Todung Mulya Lubis menyoroti terjadinya peradilan sesat (miscarriage of justice) dalam penanganan kasus korupsi yang menyeret Mardani Maming.

“Bentuk miscarriage of justice yang paling mencolok adalah tidak dipenuhinya hak atas fair trial. Hakim melakukan cherry picking terhadap alat bukti yang dihadirkan selama persidangan. Hakim lebih memilih untuk mempertimbangkan keterangan saksi yang tidak langsung (testimonium de auditu) karena hal itu sesuai dengan dakwaan penuntut umum, ketimbang mempertimbangkan alat bukti lain yang menyatakan hal sebaliknya,”

Bambang Harymurti

Aktivis dan Pegiat Anti-Korupsi

Bambang Harymurti mendorong akademisi anti-korupsi untuk tidak tinggal diam dan bersama-sama mengirimkan amicus curiae ke Mahkamah Agung terkait kasus Mardani H. Maming.

“Harusnya para ahli hukum dan eksaminator putusan berani menyusun dan mengirimkan pendapatnya sebagai ahli atau sebagai amicus curiae (sahabat pengadilan) kepada Mahkamah Agung,” lanjutnya. “Jangan lupa peribahasa hukum yang kerap dikutip, yang menyatakan lebih baik membebaskan sepuluh bahkan seratus orang yang bersalah ketimbang menghukum satu orang yang tidak (terbukti) bersalah”.

Dukungan Dari Kampus

9 Kekeliruan Vonis Hakim |

1. Tidak Terbukti Korupsi

Putusan hakim hanya didasarkan pada asumsi, bukan bukti nyata.

2. Dakwaan Dipaksakan

Uang yang diterima adalah pembayaran bisnis yang sah.

3. Pasal Suap Lemah

Pemberi suap tidak pernah diperiksa, asumsi “kesepakatan diam-diam” tanpa dasar hukum.

4. Kewenangan Sah

Izin tambang oleh Mardani sesuai aturan dan legal.

5. Sulit Dibuktikan

Bukti suap terkait tugas jabatan Mardani lemah dan sulit dibuktikan.

6. Delegasi Wewenang

Mardani punya izin resmi dari Menteri Dalam Negeri untuk beri izin tambang.

7. UU Tipikor Tidak Tepat

Kasus administratif, tidak cocok dengan UU Tipikor.

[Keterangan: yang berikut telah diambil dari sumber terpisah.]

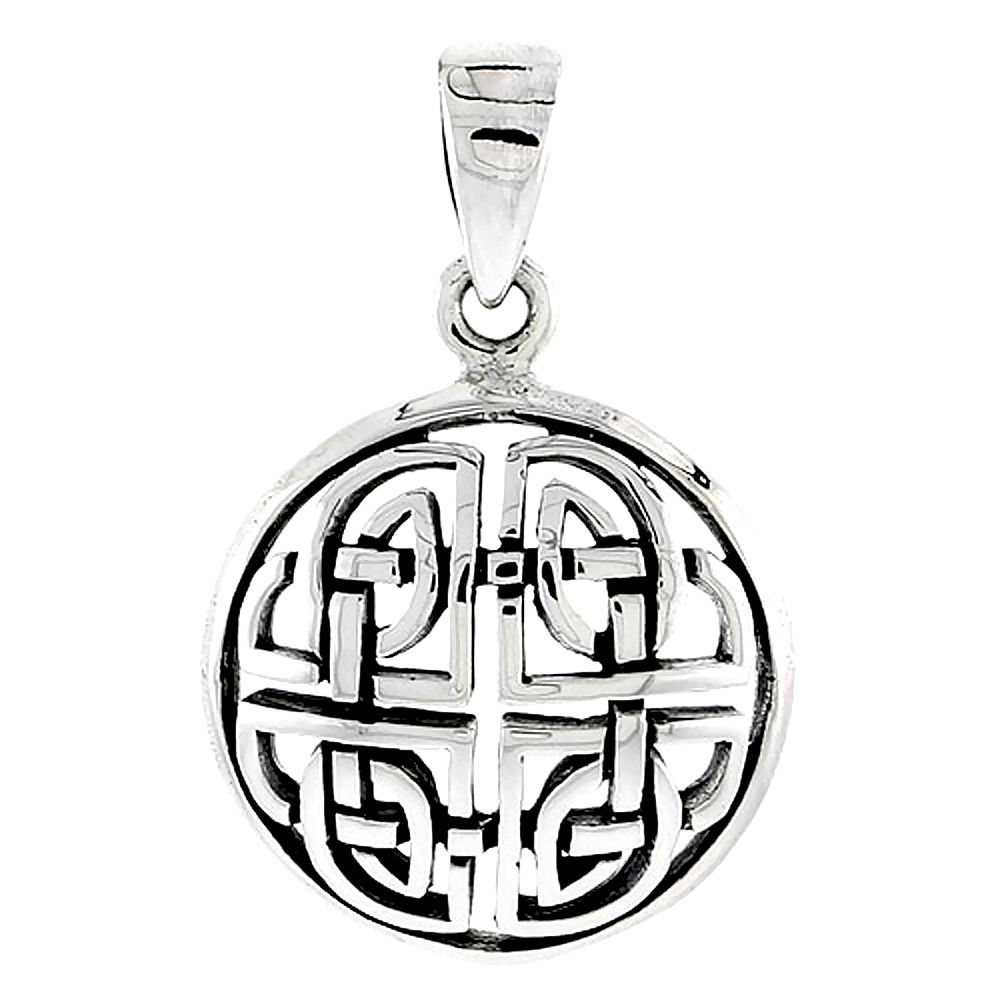 Sterling Silver Celtic Dara Knot Charm Round Pendant 1 inch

8. Pembatasan Penafsiran UU Tipikor

Penafsiran Pasal 14 UU Tipikor bertujuan membatasi pasal-pasal korupsi agar tidak digunakan secara luas untuk kasus administratif.

9. Kekeliruan Hakim

Putusan kasasi abaikan bukti baru, seharusnya Mardani dibebaskan.

Ramai-Ramai, Guru Besar Dan Aktivis Anti-Korupsi Desak Pembebasan Mardani H. Maming

Sejumlah Guru Besar, aktivis, dan akademisi anti-korupsi bersatu untuk mendesak pembebasan Mardani H. Maming. Mereka menilai bahwa proses hukum dalam kasus ini tidak adil dan bertentangan dengan prinsip keadilan, di mana banyak bukti relevan diabaikan, menciptakan kesan bahwa hukum lebih dipaksakan daripada didasarkan pada bukti yang kuat. Bersama para pakar hukum, mereka akan mengajukan surat amicus curiae ke Mahkamah Agung untuk meminta peninjauan yang adil terhadap kasus ini. Kasus ini juga mencerminkan lemahnya perlindungan hukum di Indonesia, terutama bagi generasi muda yang rentan terhadap ketidakadilan serupa.